(PROVIDED ENTRIES Opens)

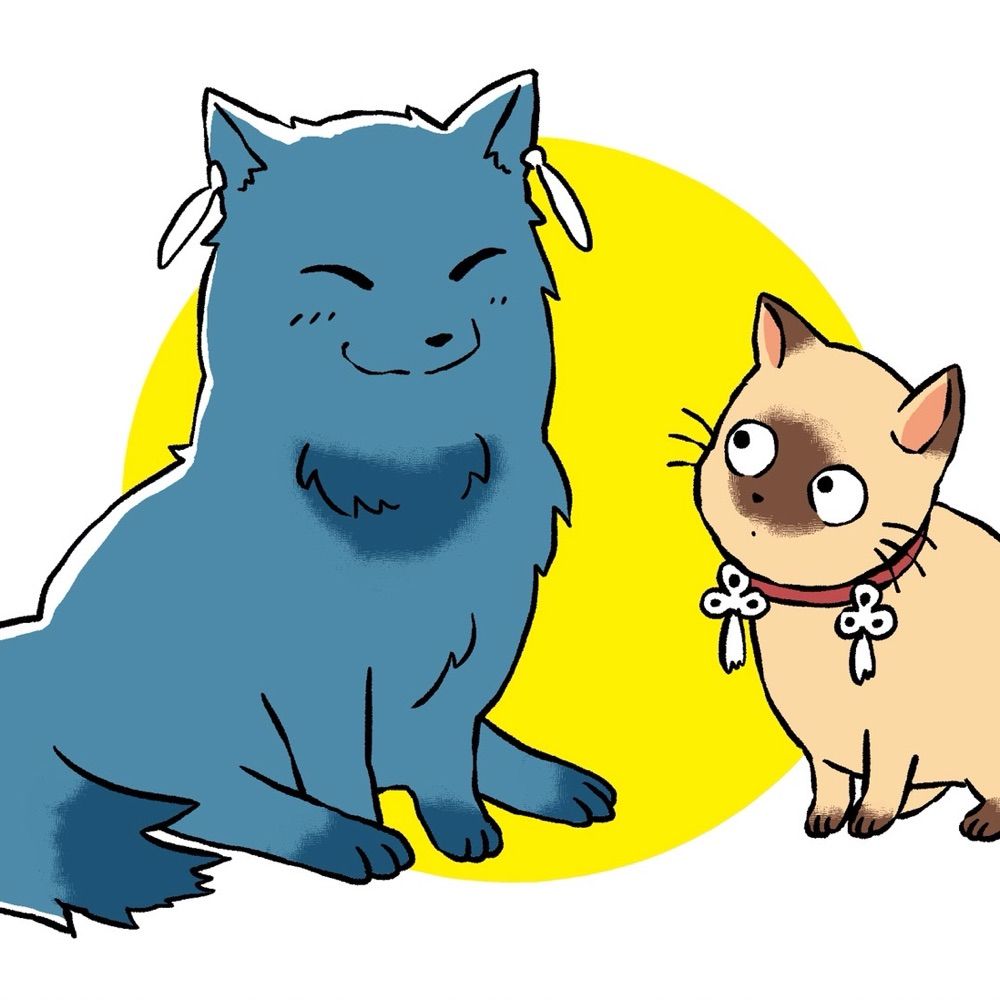 🐺どすこいメロン🐈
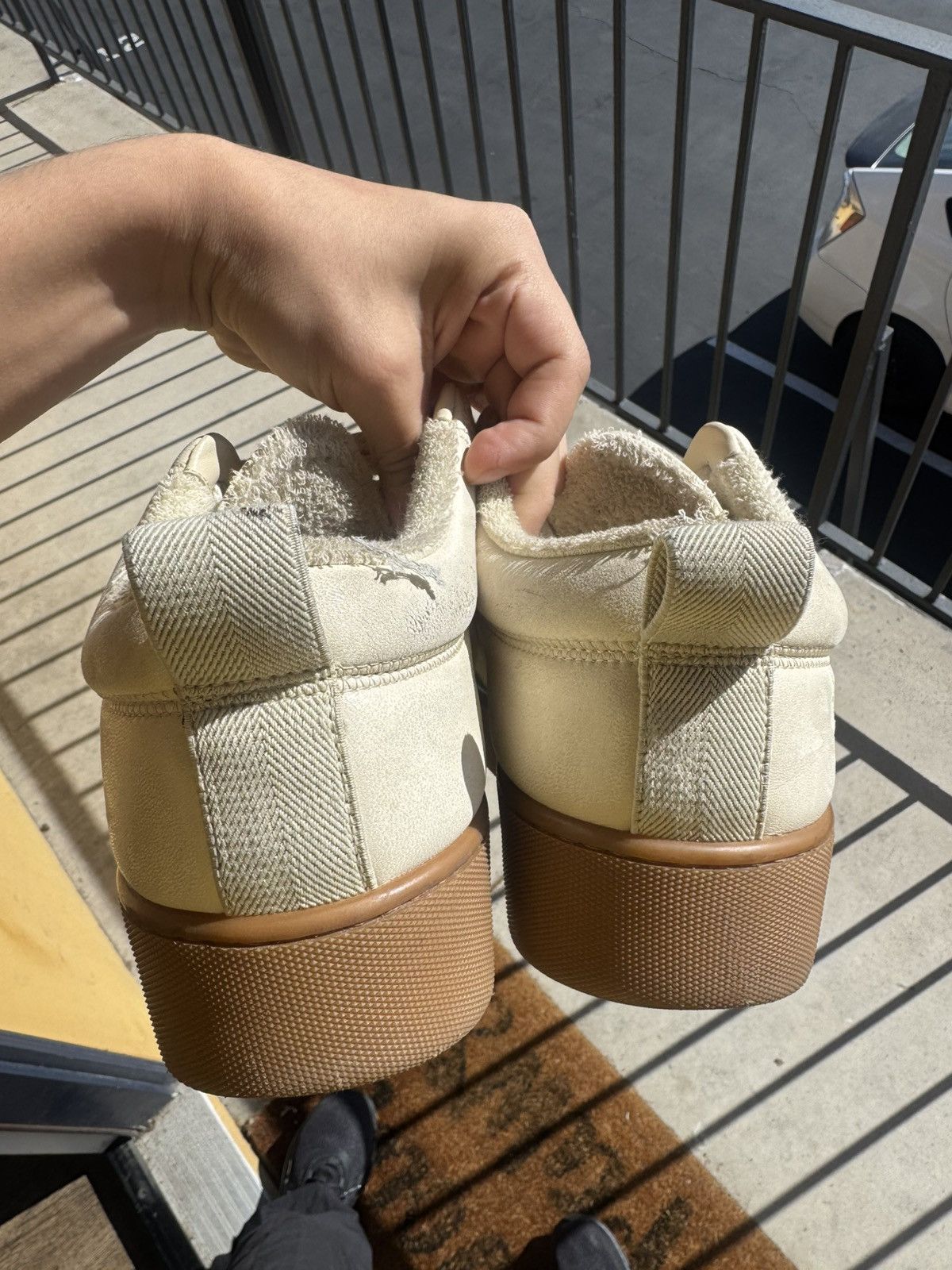 Bottega Veneta Bottega veneta vulcan sneakers Size US 8.5 / EU 41-42 - 8 Thumbnail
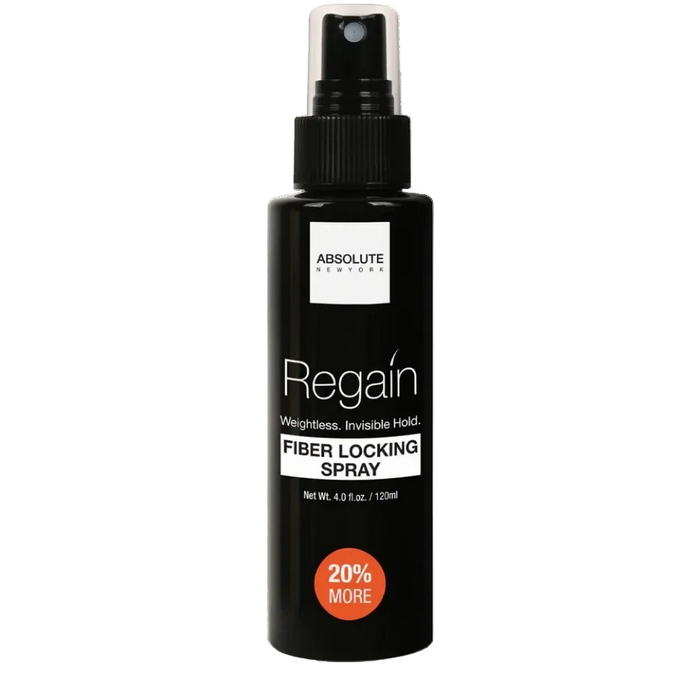 Regain Fiber Locking Spray 120ml | Long-Lasting Hold & Hair Fiber Fix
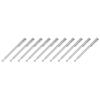 10 Pieces Telescoping Magnet Pickup Tools, l with Pocket Clip, Stainless Steel Magnetic Pick Up Tool, Telescopic Retrieving Magnet for Men Birthday, Father Day, Valentine Day view 4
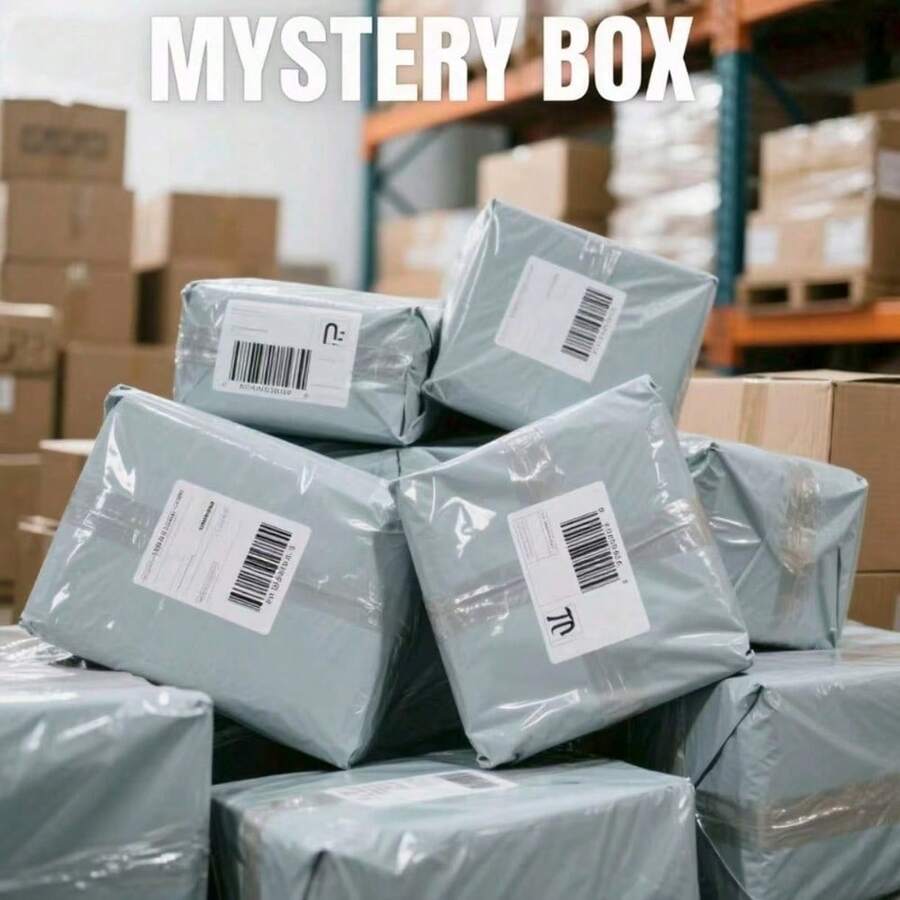 Mysterious Surprise Gift Box Blind Box Life Gadget Blind Selection, Suitable For Birthday And Holiday Gift Store Hot Selling 3000 Blind Boxes Surprise! Our Surprise Blind Box Features Carefully Selected Items From Around The World, Mystery Box Blind Box Suprise Box Gift Boxes Boxes Small Box Cajas Misteriosas Sorpresa Box For Packaging Blind Boxes Party Supplies Mistery Box Mystery Gift Box Box Packaging Box Prize Box ItemsWith One Randomly Selected Item For Shipment, Allowing You To Experience The Unprecedented Unknown Surprises Of Blind Boxes. A Birthday Surprise Gift Suitable For Close Friends, A Love Gift For Lovers, A Reward For Their Sense Of Ceremony, Can Be Opened At Mysterious Parties, And Can Be Used As The Most Mysterious Prize For Various Surprise Festivals Such As Christmas, H - 隨機的 - 查看 1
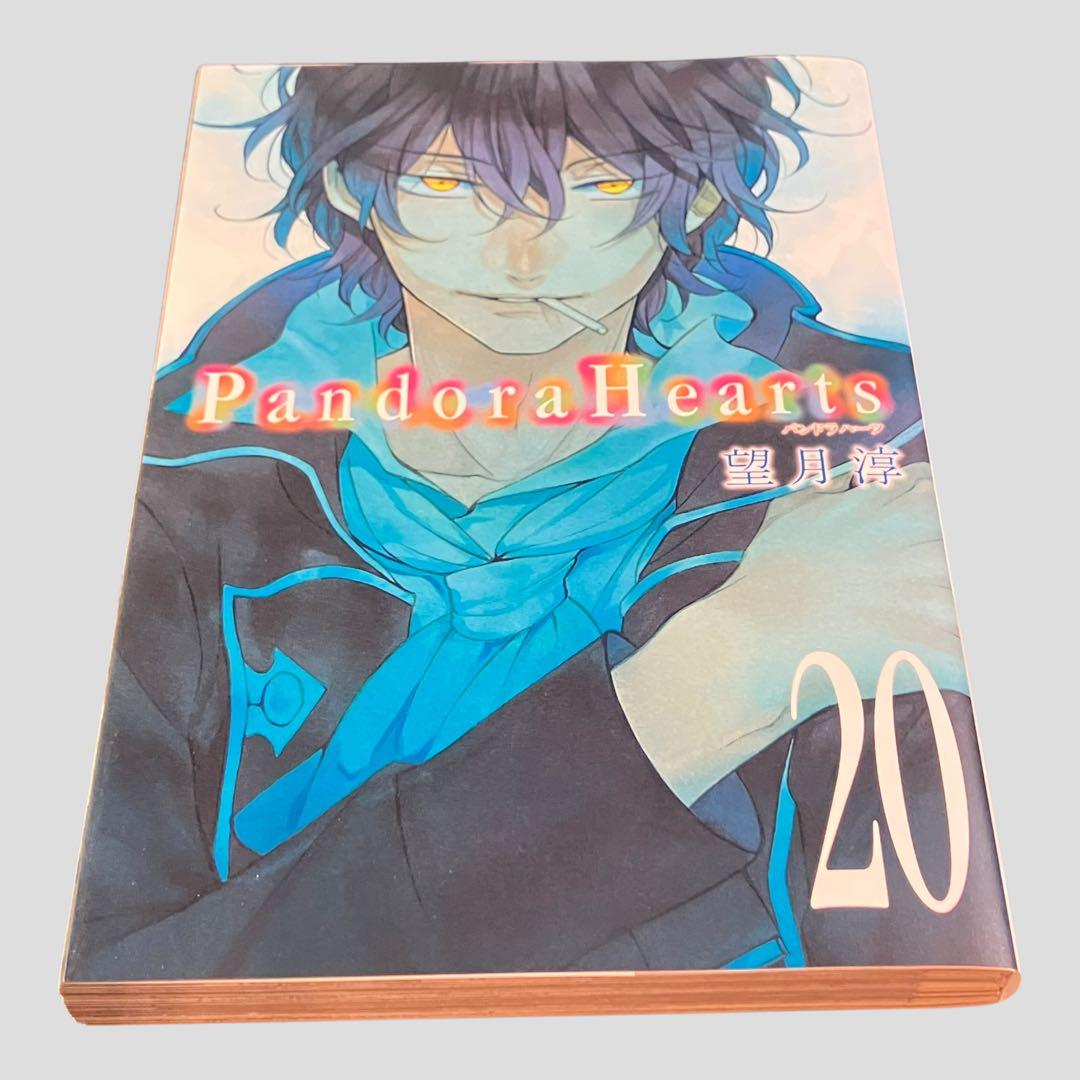 PandoraHearts (19) 初回限定特装版 (SEコミックスプレミアム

(PROVIDED ENTRIES Closes)

• EXERCISE DIRECTIONS:
All entries above are to be reproduced exactly, with no pictures.

• WRITTEN SOLUTION:
 🐺どすこいメロン🐈
 Bottega Veneta Bottega veneta vulcan sneakers Size US 8.5 / EU 41-42 - 8 Thumbnail
 Regain Fiber Locking Spray 120ml | Long-Lasting Hold & Hair Fiber Fix
 10 Pieces Telescoping Magnet Pickup Tools, l with Pocket Clip, Stainless Steel Magnetic Pick Up Tool, Telescopic Retrieving Magnet for Men Birthday, Father Day, Valentine Day view 4
 Mysterious Surprise Gift Box Blind Box Life Gadget Blind Selection, Suitable For Birthday And Holiday Gift Store Hot Selling 3000 Blind Boxes Surprise! Our Surprise Blind Box Features Carefully Selected Items From Around The World, Mystery Box Blind Box Suprise Box Gift Boxes Boxes Small Box Cajas Misteriosas Sorpresa Box For Packaging Blind Boxes Party Supplies Mistery Box Mystery Gift Box Box Packaging Box Prize Box ItemsWith One Randomly Selected Item For Shipment, Allowing You To Experience The Unprecedented Unknown Surprises Of Blind Boxes. A Birthday Surprise Gift Suitable For Close Friends, A Love Gift For Lovers, A Reward For Their Sense Of Ceremony, Can Be Opened At Mysterious Parties, And Can Be Used As The Most Mysterious Prize For Various Surprise Festivals Such As Christmas, H - 隨機的 - 查看 1
 PandoraHearts (19) 初回限定特装版 (SEコミックスプレミアム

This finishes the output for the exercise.